TAR - Is Your
Seed Sound?
This is a republish of a TDA post from June 2012 and has been slightly revised. Not much has changed over the past 3 years, except that conventional wisdom now is that seed sets do not have to be created by "subject matter experts". See
Evaluation of Machine-Learning Protocols for Technology-Assisted Review in Electronic Discovery, SIGIR’14, July 6–11, 2014 (The Grossman Cormack Study). Indeed, The Grossman Cormack study validates what many commentators have been writing for years - purely random sampling is rife with risk and error. A combination of judgmental (using search terms) and random sampling to create seed sets is the superior approach.
Those that are using
Technology Assisted Review (“TAR”) already know that the technology is sound. As
The Digital Advantage (TDA) has written before, it is not the technology we should question necessarily. Rather, success relies upon how the technology is used and what one does with the results. Most applications deploying TAR use sophisticated “find similar” algorithms to compare content patterns of one group of documents to another. Using sampling techniques, small groups of documents are reviewed by investigators/reviewers and QC’d by subject matter experts. The results are then compared to the larger corpus by the technology. The corpus is defined by the investigator, whoever that might be. The technology then ranks each document in the corpus against the small reviewed sample. Some have referred to this as a Google ranking of sorts. This small sample is generally referred to as a “Seed”. There may be many seeds used in large projects. Seeding, by the way, is a technique that has been used for just about as long as we have had search and review technology. What’s different today? The technology has gotten much better both in terms of sophistication as well as our ability to define and implement workflows.
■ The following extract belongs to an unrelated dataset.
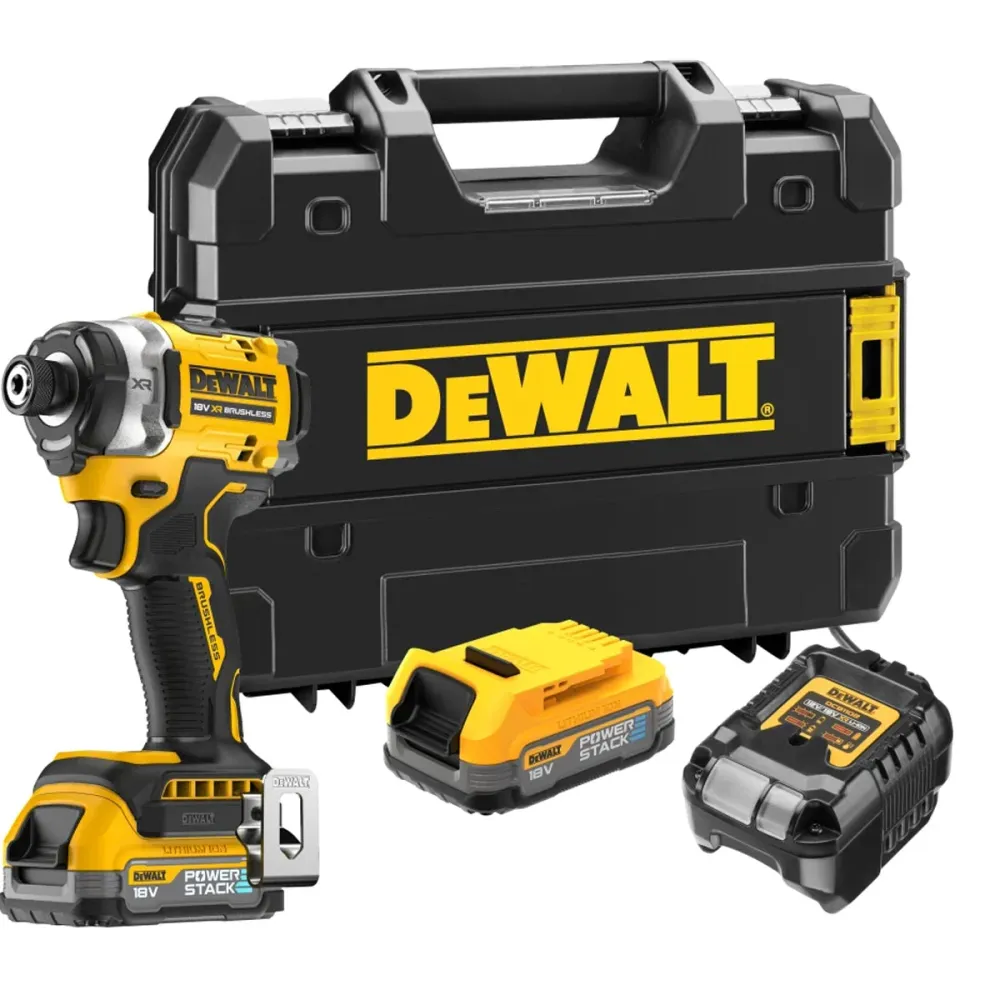 DeWalt DCF860E2T 18V Autonome Brushless Impact Driver 2 x 1.7Ah POWERSTACK Batteries Charger & Kitbox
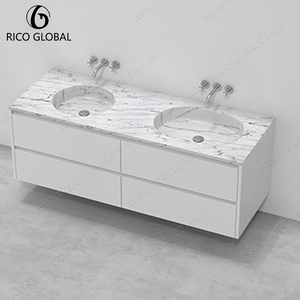 Mueble de Baño de Mármol Clásico Tradicional de Alta Gama, Espejo de Baño, Tablero de Melamina de Madera Sólida, Diseño Resistente y Duradero, OEM - Product Image 6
So, the seed is critical right? Bad seed, bad result. And when we say the quality of the seed is important, we are not just talking about the quality of the seed reviewed and QC’d by the subject matter expert. The make-up of the seed can make or break the result in terms of quality and/or time. TAR technology and sampling methods are based upon random sampling a percentage of the target population of documents. Traditional sampling methods assume a high relevancy content within the overall population being investigated. The lower the relevant content, the larger your sample size should be, technically. For example, some sampling calculations assume that 50% of the sampled population is relevant. A relevancy rate that high in our world is seldom the case. Relevancy rates below 1% are common and rarely over 10%. A purely random sample of 1,000,000 universe, as an example, is very unlikely to yield very many relevant documents using a purely random approach. So, your purely random sample is a bit like a shot gun blast in the dark.
Does that mean that we should have less confidence in TAR and sampling mythologies? No, it most certainly does not in our view. Rather, doesn't it make sense to create a better seed and increase the accuracy? Utilizing a proven search term validation methodology so that seeds rich in relevant content are reviewed is the better course. By the way, even a bad seed is superior to the common practice of throwing terms at the wall and seeing what sticks, but we digress.
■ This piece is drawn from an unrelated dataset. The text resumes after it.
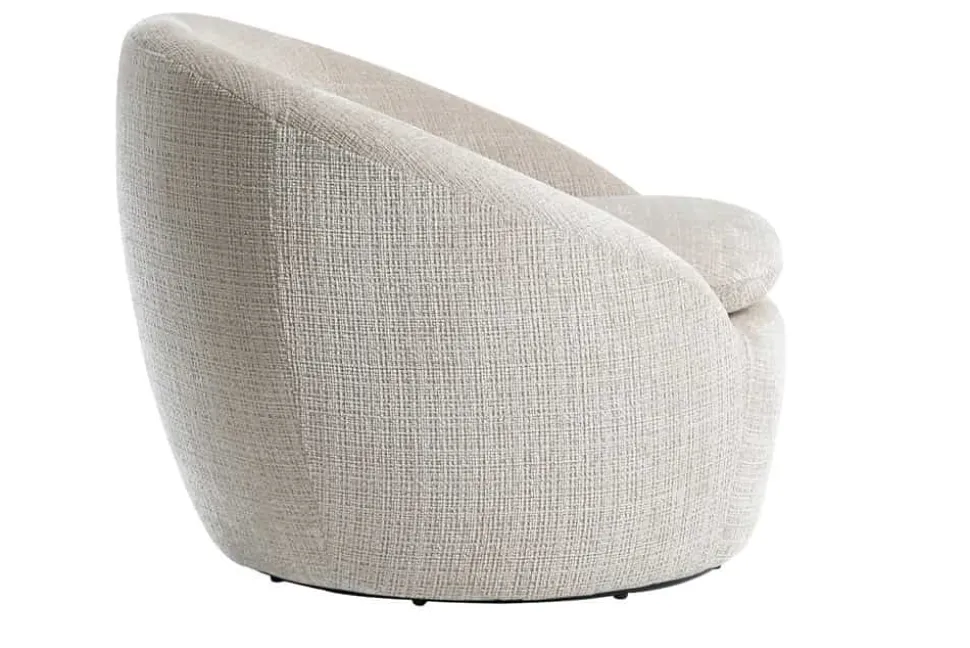 Drehbarer Design Sessel ALPINE beige Chenille Cremona 360° mit Armlehnen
As TDA has opined many times, outside of date and file type filers, search terms are the only truly transportable objective content filters that the parties can agree upon. Using seeds constructed and reviewed from validated search terms increases dramatically the impact of the seeds and the success of any TAR workflow. Far fewer documents will be reviewed. Do you have sound auditing methodologies? Are you just throwing technology at the problem, or are you using tried and true workflows?